Angela Turner Wilson and Patricia Wulf were among more than 20 women who accused Domingo of sexual harassment or inappropriate sexually charged behavior in two Associated Press (AP) reports this summer.
Their new statement came in response to comments Domingo made in two recent interviews with European publications, in which he disputed the allegations against him and said he never abused his power.
He said he always behaved like a gentleman, but that “gallant gestures are viewed differently nowadays.”
“There is nothing ‘chivalrous’ or ‘gallant’ about groping a woman in the workplace, in any country or era,” Wilson and Wulf said in the statement issued through their attorney, Debra Katz.
The Grammy Award-winning singer is one of the most celebrated men in the opera world and regarded as one of the greatest opera singers of all time.
The long-married, the Spanish-born star also is a prolific conductor and longtime administrator, having served as the general director of both the Los Angeles Opera and Washington Opera.
In the AP stories, several singers, a dancer and backstage staff at opera companies accused Domingo of sexual harassment and other inappropriate, sexually charged behavior that included unwelcomed kisses, touching and late-night phone calls.
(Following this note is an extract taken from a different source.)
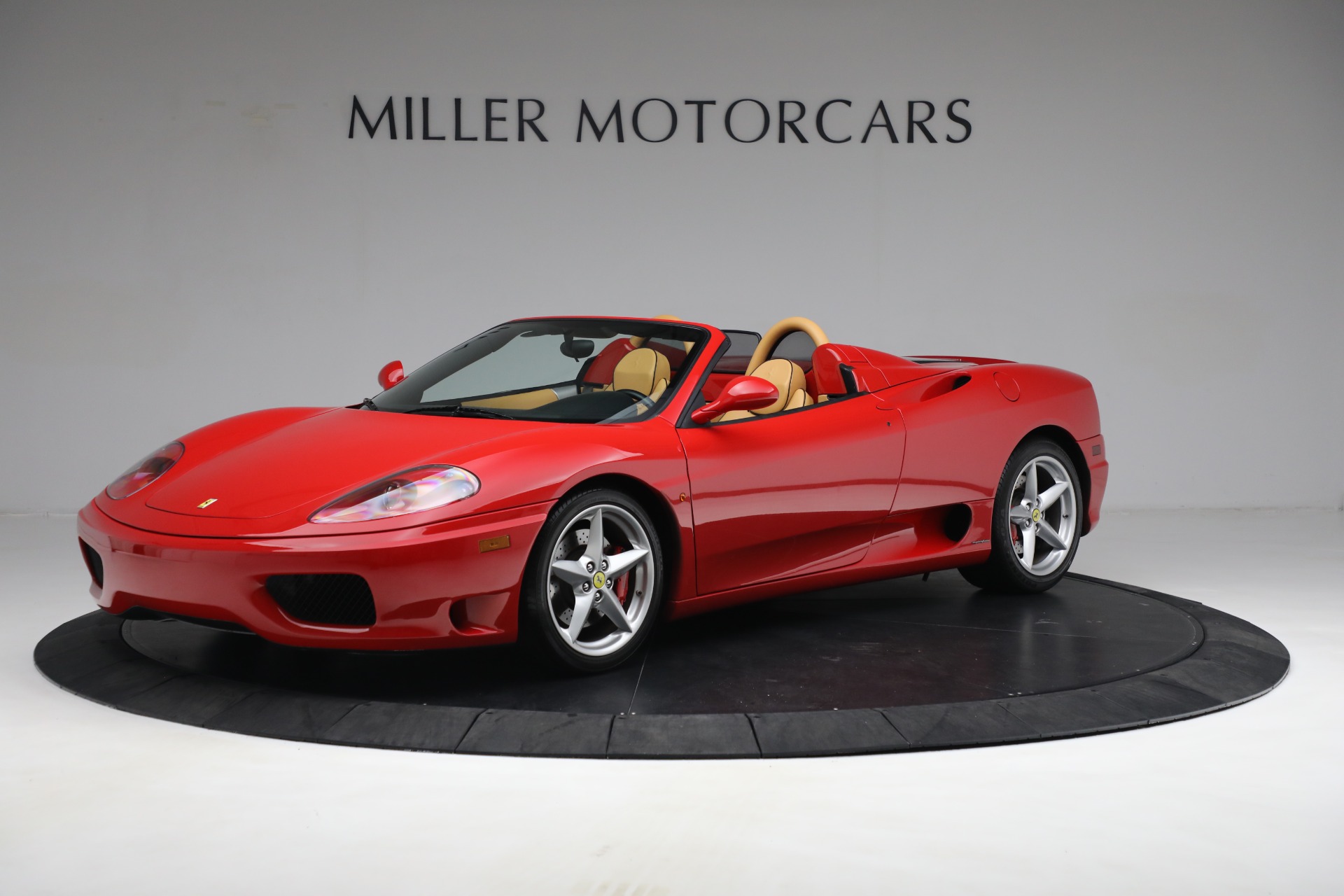 Used 2003 Ferrari 360 Spider for sale Call for price at Aston Martin of Greenwich in Greenwich CT 06830 1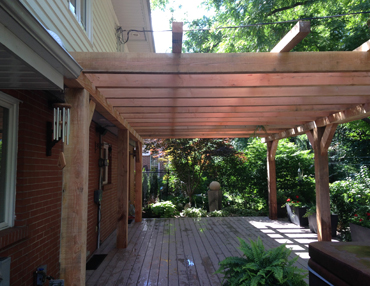 wood in the landscape by terrascape landscape construction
Many said Domingo tried to pressure them into sexual relationships and sometimes punished them professionally if they rejected him. The accusers and dozens of others interviewed said Domingo’s behavior was an open secret in the opera world.
Until recently, the 78-year-old had not spoken publicly about the allegations and had limited his reaction to statements from his lawyer and publicist. He had called the accusations “in many ways, simply incorrect” without elaborating.
Last week, Domingo gave an interview to Spanish online newspaper El Confidencial in which he again stopped short of flatly denying the women’s allegations but insisted he had never behaved improperly. He added that Spaniards are by nature “warm, affectionate and loving.
“I have been gallant but always within the limits of gentlemanliness, respect and sensitivity,” he said.